Pemilihan Presiden Real Madrid Dipercepat, Florentino Perez Mau Tahu Siapa yang Masih Mendukungnya

JAKARTA - Komisi pemilihan Real Madrid telah menyerukan pemilihan presiden setelah Florentino Perez mendapat mosi tidak percaya dari para anggota, menyusul musim kedua berturut-turut tanpa meraih trofi besar.

Perez mengumumkan dalam konferensi pers yang panas pada Selasa, 12 Mei 2026, waktu setempat, bahwa ia akan mencari pemilihan kembali--setelah baru terpilih tanpa lawan tahun lalu--sambil mengecam apa yang ia gambarkan sebagai kampanye media yang terorganisasi terhadap dirinya dan klub.

Ia marah selama konferensi pers 75 menit dengan mengatakan bahwa ia muak melihat manipulasi dari media, menjanjikan perekrutan pemain baru musim panas ini, dan memuji dampak sebelumnya dari mantan pelatih Jose Mourinho, yang merupakan kandidat utama untuk kembali menjelang musim depan.

Perez telah memimpin Real Madrid sejak 2000--kecuali selama tiga tahun setelah pengunduran dirinya pada 2006--dan tidak menghadapi kandidat lain dalam lima pemilihan presiden terakhir klub.

Kekalahan Real Madrid dari Barcelona 0-2 di El Clasico akhir pekan lalu di Camp Nou membuat Blaugrana dinobatkan sebagai juara LaLiga dan mengonfirmasi kegagalan Los Blancos untuk memenangi trofi besar dalam dua musim berturut-turut untuk pertama kalinya dalam 20 tahun.

Dalam wawancara televisi Spanyol pada Rabu, 13 Mei 2026, waktu lokal, Perez mengakui bahwa musim 2025/2026 tidak berjalan sesuai rencana, menyalahkan performa buruk tim pada pramusim yang dipersingkat karena Piala Dunia Antarklub 2025 serta kesalahan wasit.

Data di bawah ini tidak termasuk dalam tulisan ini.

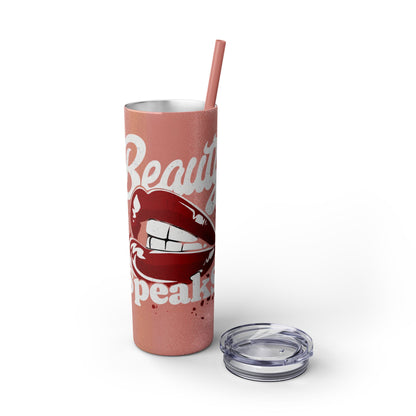 Beauty Speaks - Skinny Tumbler with Straw, 20oz - Creatively Designed Shop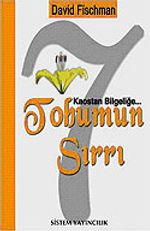 7 Tohumun Sırrı / Kaostan Bilgeliğe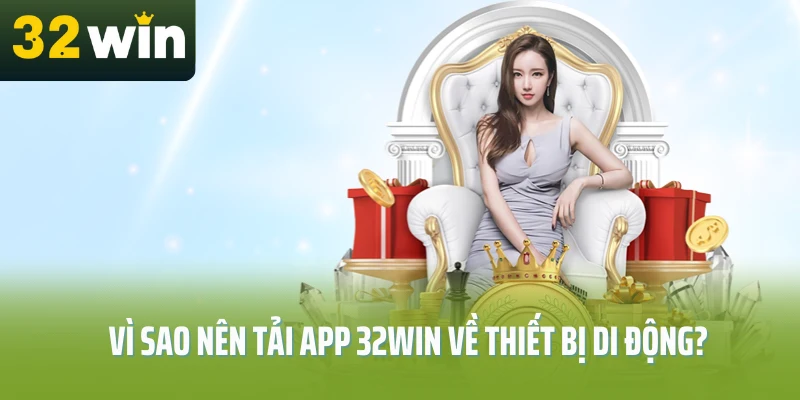 tai-app-32win-vi-sao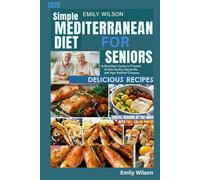 Simple Mediterranean Diet For Seniors: A Nutrition Guide to Prevent Stroke, Dementia, and Age-Related Diseases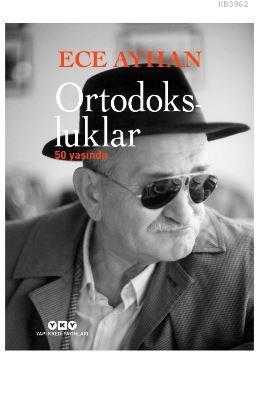 Ortodoksluklar 50 Yaşında Ayhan Ece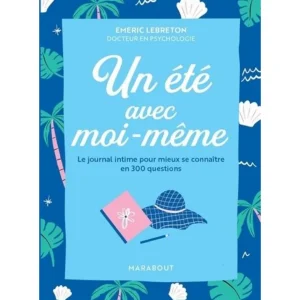 UN ETE AVEC MOI-MEME. LE JOURNAL INTIME POUR MIEUX SE CONNAITRE EN 300 QUESTIONS, Lebreton Emeric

Masih dalam wawancara tersebut, Perez menyebut pengusaha dan anggota Real Madrid, Enrique Riquelme, sebagai calon lawan potensial dalam pemilihan.

Dia mengatakan akan memutuskan dalam beberapa hari ke depan apakah kami menerima tantangan tersebut atau tidak.

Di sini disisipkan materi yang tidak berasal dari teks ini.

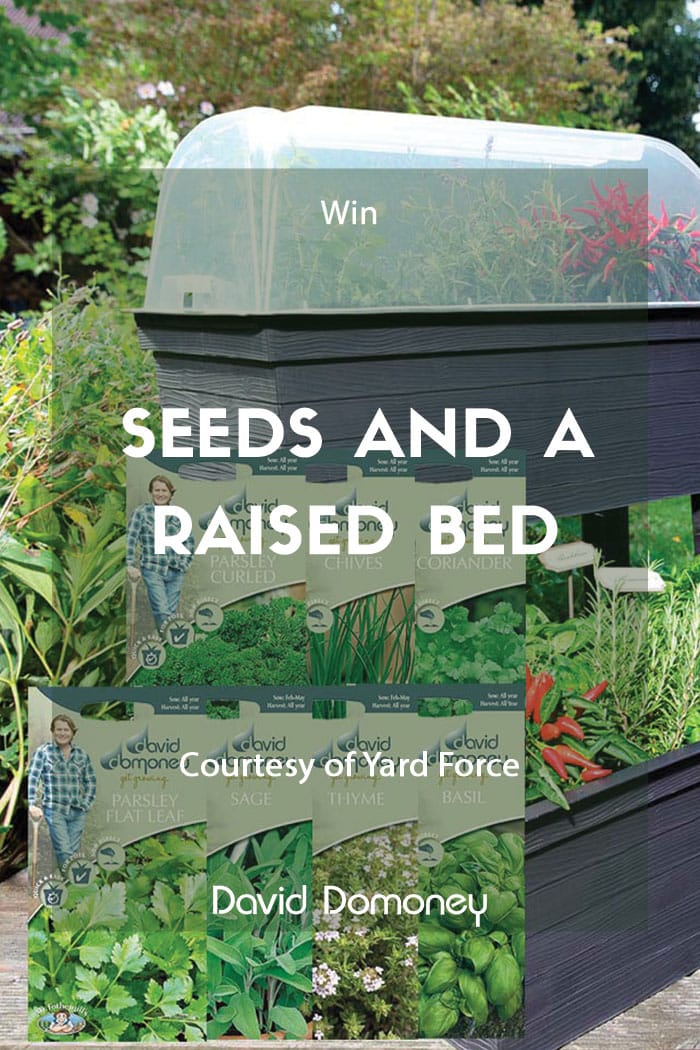 Win David Domoney Seeds and a Raised Bed courtesy of Yard Force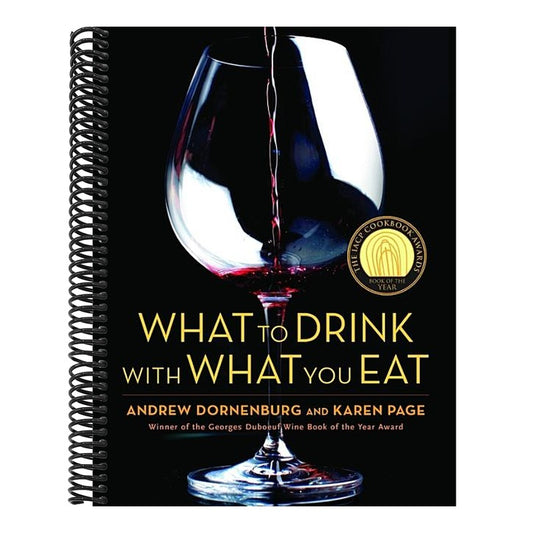 What to Drink with What You Eat: The Definitive Guide to Pairing Food with Wine, Beer, Spirits, Coffee, Tea - Even Water - Based on Expert Advice from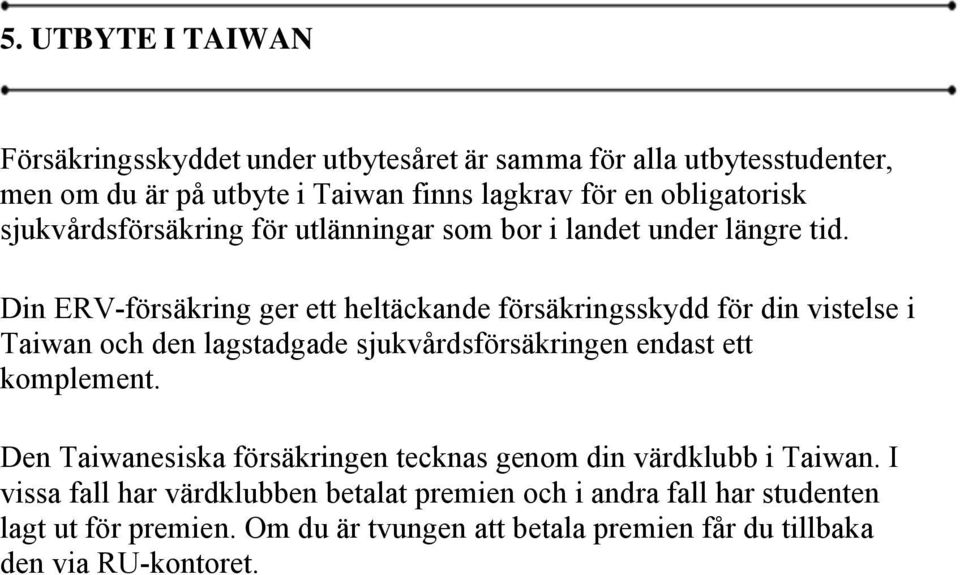 Din ERV-försäkring ger ett heltäckande försäkringsskydd för din vistelse i Taiwan och den lagstadgade sjukvårdsförsäkringen endast ett komplement.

Para kandidat kini memiliki waktu hingga 23 Mei 2026 untuk mengajukan pencalonan mereka, yang kemudian harus disetujui oleh komisi pemilihan, dengan kampanye singkat selama dua minggu dan pemungutan suara anggota yang akan menyusul.

Statuta klub—yang diperketat pada 2012—menyatakan bahwa kandidat presiden harus warga negara Spanyol, telah menjadi anggota klub selama 20 tahun, dan mampu menjamin secara pribadi 15 persen dari anggaran tahunan klub.

Dalam surat terbuka kepada Perez yang dirilis ke media, Riquelme meminta dialog untuk menyepakati proses pemilihan yang lebih panjang, dengan mengatakan bahwa hal itu akan memungkinkan partisipasi nyata dari anggota dan penggemar.

Sebagaimana diketahui, masa jabatan Perez sejatinya berlaku hingga 2029 setelah ia kembali terpilih pada Januari 2025. Namun, belakangan seruan untuk mundur menggema dari suporter mengingat hasil buruk tim.

Karena itu, Perez meminta komite pemilihan untuk mempercepat pemilihan presiden Real Madrid untuk mengetahui apakah anggotanya benar-benar masih memilihnya atau mosi tak percaya memang benar adanya.